Momentum accumulates a running average of past gradients, smoothing updates and accelerating convergence along consistent gradient directions:

$\mathbf{v}_t = \beta \mathbf{v}_{t-1} + \mathbf{g}_t$ $\theta_{t+1} = \theta_t - \eta \mathbf{v}_t$

where $\beta \in [0, 1)$ is the momentum coefficient (typically 0.9). Momentum helps in two ways: (1) it accelerates progress along low-curvature directions where the gradient is consistent, and (2) it dampens oscillations along high-curvature directions where the gradient alternates sign.

The effective step size in a consistent direction grows to $\frac{\eta}{1-\beta}$ – with $\beta=0.9$ , this is a 10x amplification.
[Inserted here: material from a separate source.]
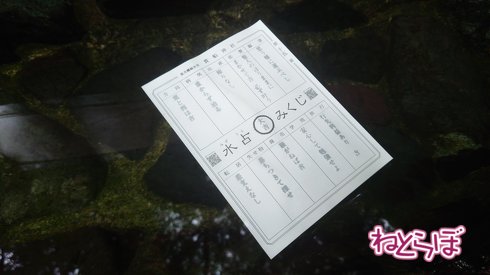 「水占みくじ」貴船神社のおみくじは白い紙。これを水に浮かべると運勢が浮かび上がります。よし大吉! 「商売　騒がねば吉」、炎上商法はダメね(笑)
Nesterov Accelerated Gradient (NAG)

Nesterov momentum evaluates the gradient at the “lookahead” position rather than the current position:

$\mathbf{v}_t = \beta \mathbf{v}_{t-1} + \nabla_\theta \mathcal{L}(\theta_t - \eta \beta \mathbf{v}_{t-1})$ $\theta_{t+1} = \theta_t - \eta \mathbf{v}_t$

This “look before you leap” approach provides a corrective factor that reduces overshooting. NAG has provably better convergence rates than standard momentum for convex functions.

Adagrad

Adagrad adapts the learning rate per-parameter based on the history of squared gradients:

$\mathbf{G}_t = \mathbf{G}_{t-1} + \mathbf{g}_t^2 \quad \text{(elementwise square)}$ $\theta_{t+1} = \theta_t - \frac{\eta}{\sqrt{\mathbf{G}_t + \epsilon}} \odot \mathbf{g}_t$

Parameters with large cumulative gradients get smaller learning rates; parameters with small gradients get larger ones. This is excellent for sparse features (NLP, recommendations) but problematic for deep learning because $\mathbf{G}_t$ only grows, eventually driving the learning rate to zero.

RMSProp

RMSProp (Hinton, unpublished lecture notes, 2012) fixes Adagrad’s decaying learning rate by using an exponential moving average of squared gradients:

$\mathbf{s}_t = \rho \mathbf{s}_{t-1} + (1 - \rho) \mathbf{g}_t^2$ $\theta_{t+1} = \theta_t - \frac{\eta}{\sqrt{\mathbf{s}_t + \epsilon}} \odot \mathbf{g}_t$

where $\rho$ is the decay rate (typically 0.99). This forgets old gradient information, keeping the effective learning rate from vanishing.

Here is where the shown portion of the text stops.